Przypomnieć wypada  (zwłaszcza młodym  czytelnikom), że  idea   ustawienia  jakiejkolwiek  rzeźby w  czasach  realnego  socjalizmu  musiała  być,  eufemistycznie  to  określając,  „skonsultowana” z  odpowiednimi  „czynnikami”  (tzn.  z  sekretarzami  PZPR-u  różnych  szczebli).

- reklama -

Partia wyrażała zgodę jedynie wtedy, gdy istniała pewność, że inicjatywa jest zbieżna z aktualną linią "przewodniej siły”. Nie mogło tu być żadnej spontaniczności. Zatem pomnik Matki Polki musiał się jakoś wpisywać w budowę socjalizmu. Jak? Otóż miał  się  stać niejako „świeckim” odpowiednikiem kolumny maryjnej, nowym „środkiem” miasta i nową „osią kosmiczną”. Statua Matki Boskiej miała odtąd pozostawać „przezroczysta”, niewidoczna, niezauważana (dowodem na to jest fakt, że w latach 70-tych oraz 80-tych unikano w rozmaitych materiałach promujących Racibórz prezentowania kolumny maryjnej, natomiast preferowano fotografie przedstawiające nadodrzański monument).

 

Jednak,  jak  to często w tzw. „minionej epoce” bywało, ówcześni włodarze popełnili przy okazji dwa fatalne dla siebie błędy, wynikające zapewne z ignorancji. Otóż nazwanie postaci z nowego pomnika „Matką Polką” musiało zrodzić – przynajmniej u osób dobrze obeznanych z poezją polską – nieuchronne skojarzenie z wstrząsającym, wywołującym ogromne wrażenie wierszem Adama Mickiewicza Do Matki Polki, w  którym mowa  jest  o młodzieńcu,  synu  tytułowej Matki  Polki,  podejmującym indywidualną, desperacką,  bezwzględną i w istocie samobójczą walkę z największym wrogiem Polski – Rosją. W okresie PRL-u utwór Mickiewicza pełnił rolę profetyczną, antykomuniści odczytywali go jako zachętę do zmagań ze Związkiem Sowieckim. Nazwa raciborskiego pomnika nie mogła być zatem, z punktu widzenia rządzących Polską Ludową, wybrana bardziej niefortunnie.

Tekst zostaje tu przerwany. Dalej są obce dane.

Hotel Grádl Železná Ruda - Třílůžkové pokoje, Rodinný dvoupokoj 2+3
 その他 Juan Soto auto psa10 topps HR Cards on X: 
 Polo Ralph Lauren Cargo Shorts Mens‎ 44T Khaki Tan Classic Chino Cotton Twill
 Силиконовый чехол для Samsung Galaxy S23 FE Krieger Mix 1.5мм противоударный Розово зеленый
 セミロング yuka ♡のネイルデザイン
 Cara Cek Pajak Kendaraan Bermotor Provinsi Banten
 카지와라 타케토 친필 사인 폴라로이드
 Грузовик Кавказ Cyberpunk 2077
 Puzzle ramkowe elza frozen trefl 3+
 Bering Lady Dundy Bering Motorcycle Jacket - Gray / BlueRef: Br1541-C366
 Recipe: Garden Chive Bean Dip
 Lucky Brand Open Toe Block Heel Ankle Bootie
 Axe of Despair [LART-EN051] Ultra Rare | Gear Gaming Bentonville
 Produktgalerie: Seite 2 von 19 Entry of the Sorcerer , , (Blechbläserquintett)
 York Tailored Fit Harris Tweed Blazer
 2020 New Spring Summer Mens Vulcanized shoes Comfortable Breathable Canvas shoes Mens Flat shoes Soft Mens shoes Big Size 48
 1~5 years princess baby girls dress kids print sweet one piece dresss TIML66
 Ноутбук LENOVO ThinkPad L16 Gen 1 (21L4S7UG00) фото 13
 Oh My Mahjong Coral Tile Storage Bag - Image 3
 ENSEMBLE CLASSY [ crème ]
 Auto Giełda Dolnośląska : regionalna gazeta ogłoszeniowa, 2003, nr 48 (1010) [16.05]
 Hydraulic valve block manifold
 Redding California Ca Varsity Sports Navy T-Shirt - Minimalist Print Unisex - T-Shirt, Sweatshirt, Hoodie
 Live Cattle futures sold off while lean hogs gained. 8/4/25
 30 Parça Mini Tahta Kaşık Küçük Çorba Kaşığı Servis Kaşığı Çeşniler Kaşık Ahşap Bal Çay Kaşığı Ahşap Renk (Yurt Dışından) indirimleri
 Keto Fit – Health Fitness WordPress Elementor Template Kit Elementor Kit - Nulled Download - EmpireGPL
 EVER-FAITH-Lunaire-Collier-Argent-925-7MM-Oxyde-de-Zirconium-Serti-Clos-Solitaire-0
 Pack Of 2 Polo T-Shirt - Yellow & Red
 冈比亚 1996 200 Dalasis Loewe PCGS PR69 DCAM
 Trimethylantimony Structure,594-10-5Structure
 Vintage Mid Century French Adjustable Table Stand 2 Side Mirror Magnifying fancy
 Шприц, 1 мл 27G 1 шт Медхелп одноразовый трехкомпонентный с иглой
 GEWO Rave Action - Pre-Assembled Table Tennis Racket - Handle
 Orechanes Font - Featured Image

Drugi błąd miał  inny  charakter.  Jeśli pomnik Matki Polki miał być,  jak zapewniano, hołdem złożonym Ślązaczkom, wychowującym swoje dzieci w duchu polskości,  to  ukazanie  dumnie wyprostowanej  niewiasty  z  dzieckiem  na  ręku, spoglądającej  śmiało  i  kroczącej  przed  siebie,  nie  oddaje  prawdy  o  górnośląskich  kobietach,  które  spełniały  się  w  pracy  w  domu,  wychowaniu  dzieci i w modlitwie. Bardziej właściwe więc byłoby wyobrażenie  śląskiej Matki Polki  jako  kobiety  klęczącej pokornie przed  obrazem Najświętszej  Panny  i wypraszającej  u Niej  łaski potrzebne w  trudnym  życiu. Ale  oczywiście  ukazanie w  jakikolwiek  sposób  przejawów  pobożności  nie  wchodziło  wówczas  w  grę, więc  w  rezultacie  postać  z  raciborskiego  pomnika  jest  wyraźnie  niespójna z utrwalonym m.in. w wielu dziełach literackich z XIX i XX wieku archetypem Ślązaczki – Polki. Archetyp ów, pomimo wielkich zmian obyczajowych i społecznych, które nie ominęły także Śląska, jest żywy, trwa w postawie wielu górnośląskich niewiast,  ale  przede wszystkim w  pamięci  osób  ze  Śląska  się wywodzących.

 

Pięknym świadectwem takiej pamięci jest niewątpliwie, zanotowana niedawno, dotycząca  czasów  przedwojennych wypowiedź wspomnieniowa wieloletniego duchowego opiekuna polskich emigrantów, arcybiskupa Szczepana Wesołego. Ten  rodowity Ślązak, którego matka pochodziła z Raciborza,  tak o  swojej  rodzicielce, modelowej Matce Polce, mówi: „Była typową Ślązaczką […]. Rządziła w domu, pilnowała lekcji. […] Pamiętam wieczory, spędzane przy żeleźniaku, gdy mama czytała nam opowieści z kalendarza, opowieści o polskich bohaterach i świętych.  […]  Zawsze  po  niedzielnej mszy matka  kupowała  „Gościa Niedzielnego”.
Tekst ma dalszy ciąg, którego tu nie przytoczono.